"Gidenler bizden hep bir parça götürürler
o parçanın yerinde de derin izler kalır
herkesin bir yara izi vardır.İnsanlardan gizlemeye çalıştığı saklamak için çok uğraştığı bir yara izi
herkesin bir yara izi vardır
kimseye dokundurtmayacak kadar güzel olan
baktıkça nefes alabiliyor olmanın kıymetini anlamanı sağlayacak bir yara izibu izlerle yaşamaya alışırsın
bir sabah belki gün doğarken baktığında dışarı yaşamayı yeniden sevebilirsin.ve bir gün elbet birileri o yara izlerine dokunur
acın da biraz olsun hafiflemeye başlar..."-Köksal Engür.
*
Alpay,ertesi sabah daha alarm çalmadan uyanmıştı. Içinde kırpışan güzel duygularla,bitiremediği heyecanıyla içinde patlayan duygu volkanının saçtığı tüm o hislerle gülümseyerek uyanmıştı.
Tüm gece ,yatakta sağa sola dönerken yaptığı hataların vicdan azabıyla bölünen uykusuna rağmen içindeki her şeyin düzeleceği güzel günlerin umuduna can simidi gibi yapışmıştı.
Bırakmaya niyeti yoktu,bütün dünyaya aşkını haykırmak isterken aynı zamanda kimsecikler duymasın diye bu aşkı saklayıp gömme arzusuyla yanıp tutuşuyordu. Bütün o kıskançlıklar,bütün o anlamsız duygular...
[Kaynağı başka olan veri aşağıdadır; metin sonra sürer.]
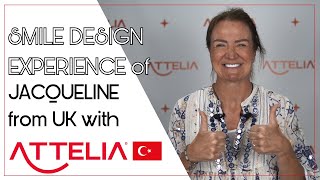 JACQUELINES SMILE DESIGN EXPERIENCE WITH ATTELIA DENTAL [upl. by Maximilianus]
Kendine bile itiraf edemedikleri,gönlünün en derininde yatan anılar ayna gibi tutulmuştu,halı gibi serilmişti şimdi. Sabahın altısında neşeli bir şekilde uyanmak tarihinde yoktu,o daha çok öğleden sonra yastık yorgan tekmeyerek uyananlar arasındaydı aslında.
Sıcak duşun altında temizlenirken,bir güzel keseledi kendini,bolca şampuanla saçlarını köpürtürken huzurla kafasını geriye yasladı.
Kahraman'in kalbinin sahibi benmişim lan diye mırıldandı,bir ben. O kalp bana atıyormuş ,o şarkılar banaymış. Pislik herifin tekiysem de vazgeçmemiş benden bana rağmen.
Dünya yıkılsa altında kalsam ,Kahraman'in gönlündeki kişi olduğumun huzuruyla ölsem gam yemem diye düşündü. Ne gelecekse ondan gelsin,yeter ki o kalpten hiç gitmeden bir ömür yer edineyim.
Tabi tüm bunları kendi kendine suyun altında ağzı açık ayran budalası misali gevşekce sırıtırken mırıldandığı için köpüklü bir avareye benziyordu ziyadesiyle.
Kurulanıp,beline bağladığı havluyla neşeli bir ıslık çaldı. Gözlerinin orman yeşilini çıkaracak bir boğazlı kazak geçirirken,parfümünde duş aldı. En sıkı siyah kotu da geçirirken ,neşeyle saçının dalgalarıyla oynadı.
Tembelce bir sigara yakıp,pencereden uzandığında "hsstrrrr" diye inleyen Alkan'ın yan penceredeki sesine dikkat kesildi.Pezevenk bücür tüm gece sabahlamaktan kan çanağı olmuş gözleri ile babasından gizlice sigara içiyordu. Alpay keyifle sırıttı. Bu şey değil miydi lisedeki hali? Kardeşini süzdü.
"Napiyorsun lan közcü?" dediğinde Altan umursamazca sigarasını çekti .
"Uyucam son sigarayı içiyorum abim,sen nereye hayırdır sabah sabah bu neşe" dedi gevşekçe .
Alpay sertçe "sanane lan gişe memuru musun it,okulun yok mu lan senin 2 saate?" dediğinde Alkan elini havaya sallayıp gülümsedi .
"Bir Alpay Beyoğlu bahanesi olarak,sağlık ocağına rapor yazdırmaya gidip "götten kusuyorum resmen hocam,ishalim valla bozmuşum motoru yalanı asla eskimez" dedi.
Alpay lisedeki taktiğini kopyalayan kardeşine gülüp tü diye yüzüne tükürurken "Kopyacı piç" diye tısladı.
"Var bir şeyler abim" diye öpücük atıp camı kapattı.